RECORDS:
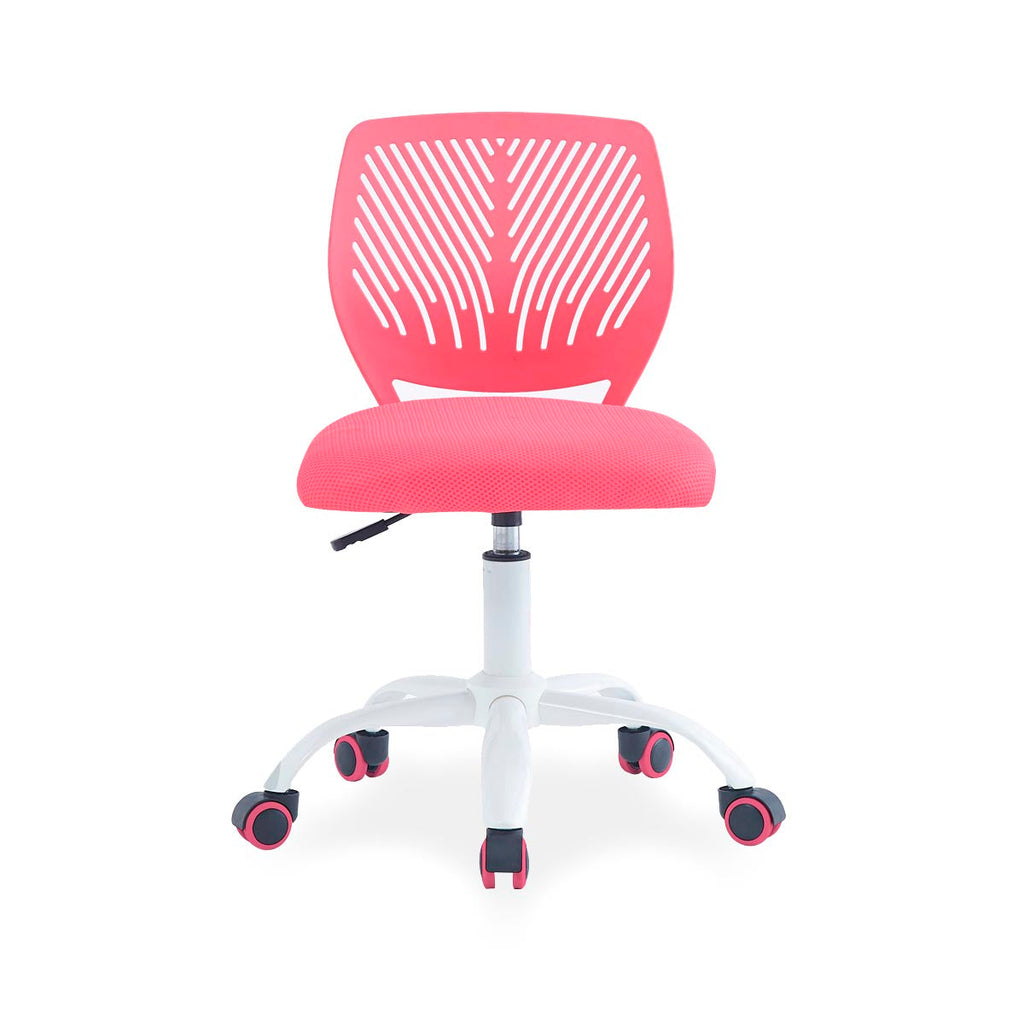 Silla de Oficina Taghash - Rosa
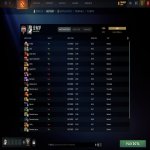 🏅 MMR 7000 | 🕒 2600 hours | 🛡 12000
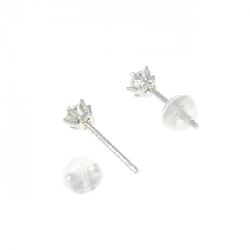 PT900 Solitaire Bông tai Kim cương 0.41CT - Hàng hiệu Chính hãng 864433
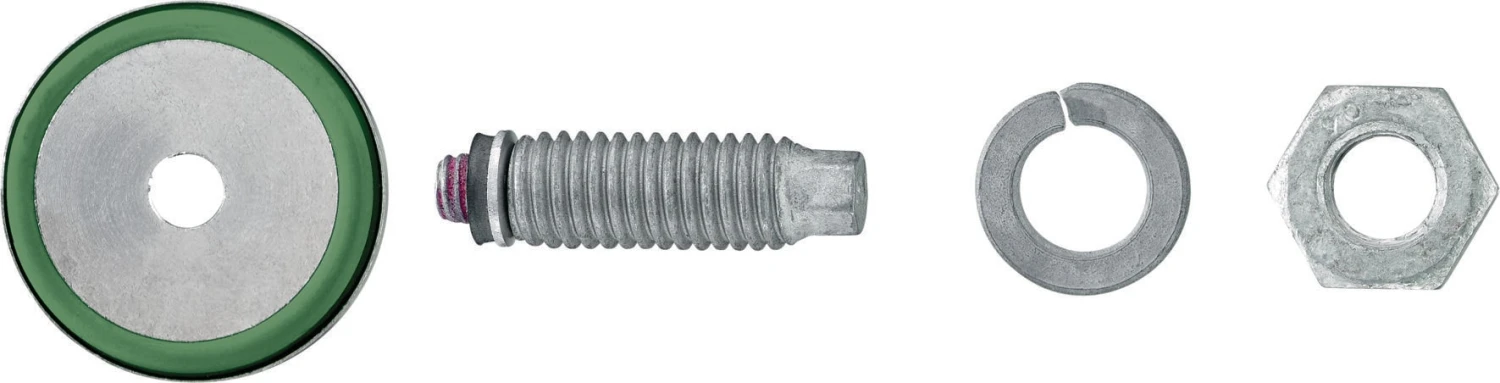 S-BT-EF HC Screw-in Stud 2 S-BT-EF HC Screw-in Stud - Image 2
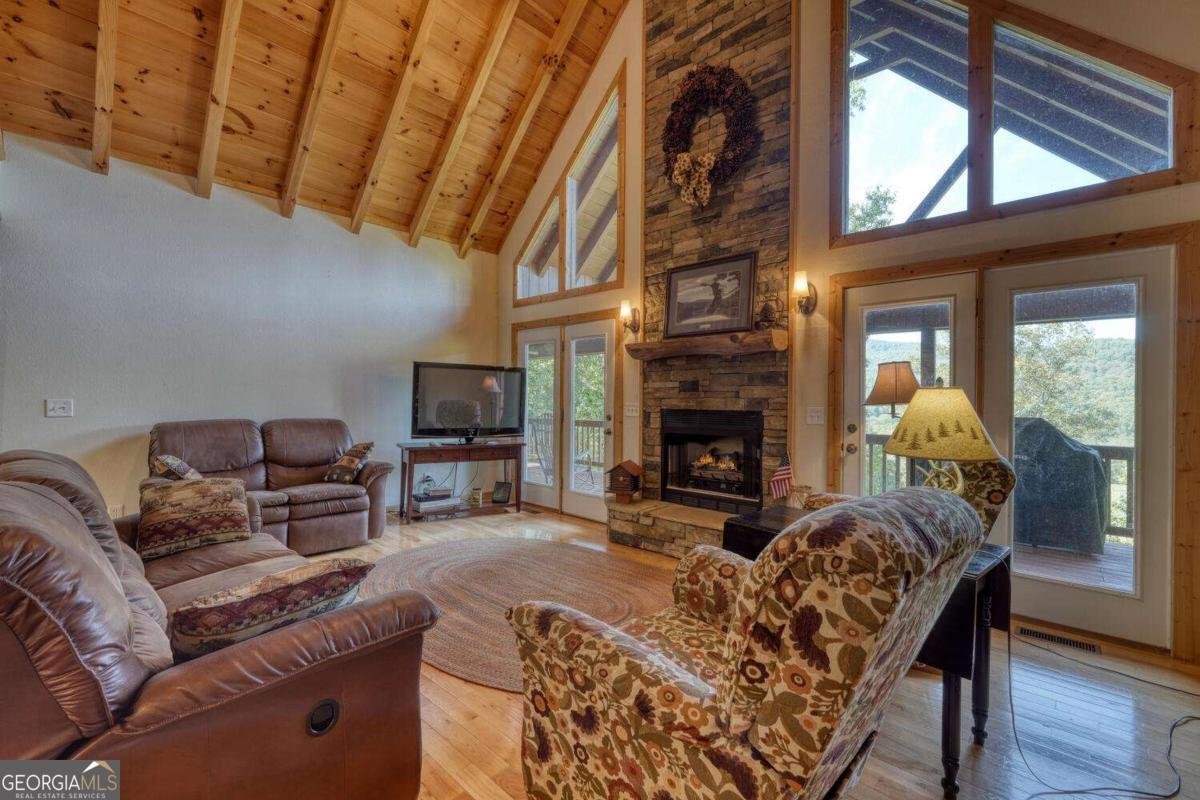 5702 Valley View Drive Hiawassee - 15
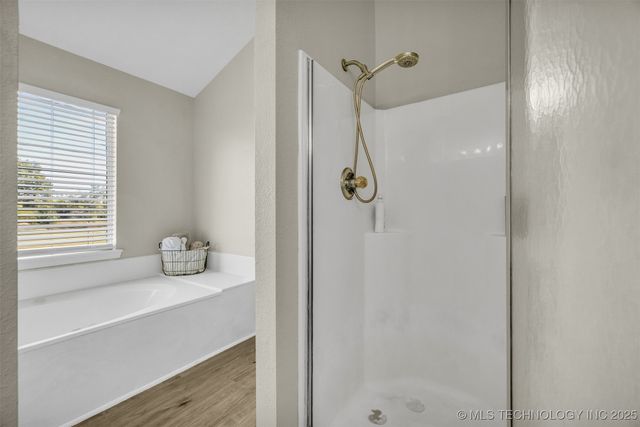 25115 S Hackamore Road E, Claremore, OK 74019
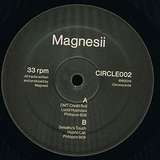 Magnesii: DMT Credit Roll
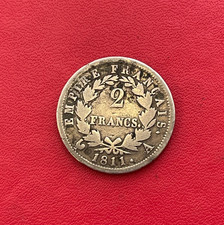 Napoléon. Belle monnaie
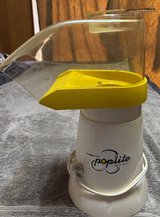 Presto PopLite popcorn machine in Oswego, Illinois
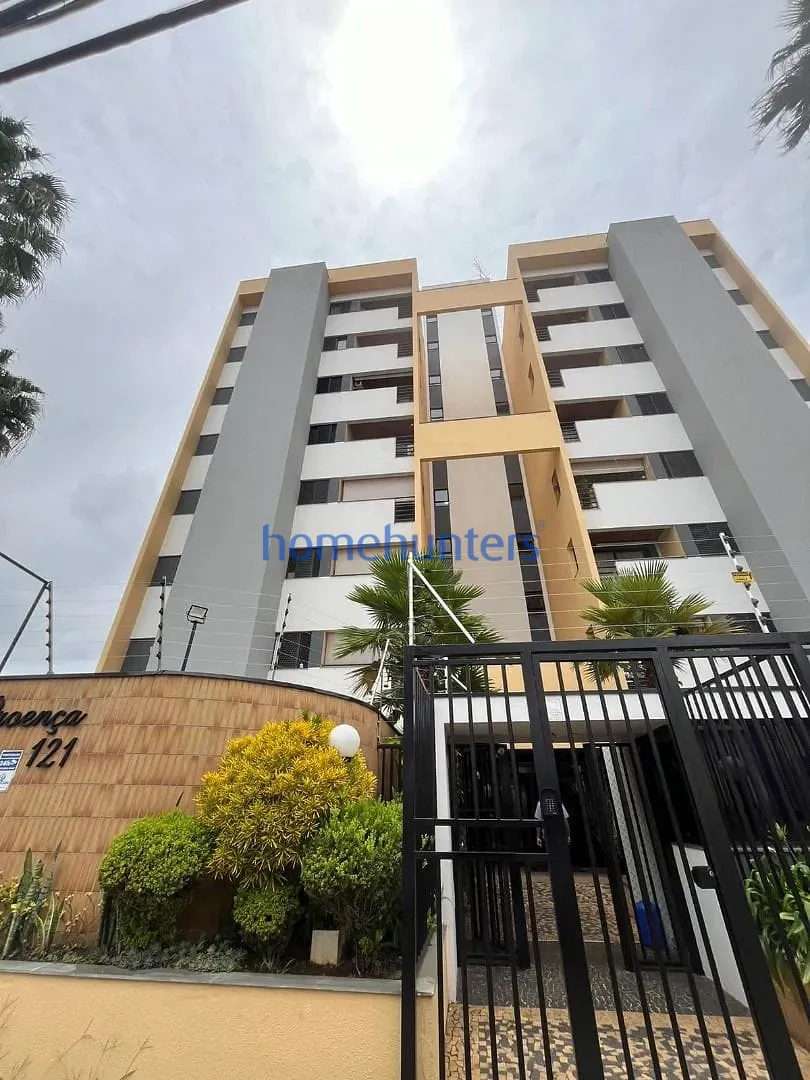Apartamento, 2 quartos, 60 m² - Foto 4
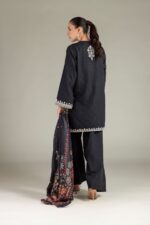 Fabrics 3 Piece - V5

WHAT THE TASK REQUIRES:
Exactly repeat only the lines from the one with "Apartamento, 2 quartos, 60 m² - Foto 4" to the closing line above, both included, and omit every picture.

COMPLETED EXERCISE:
Apartamento, 2 quartos, 60 m² - Foto 4
 Fabrics 3 Piece - V5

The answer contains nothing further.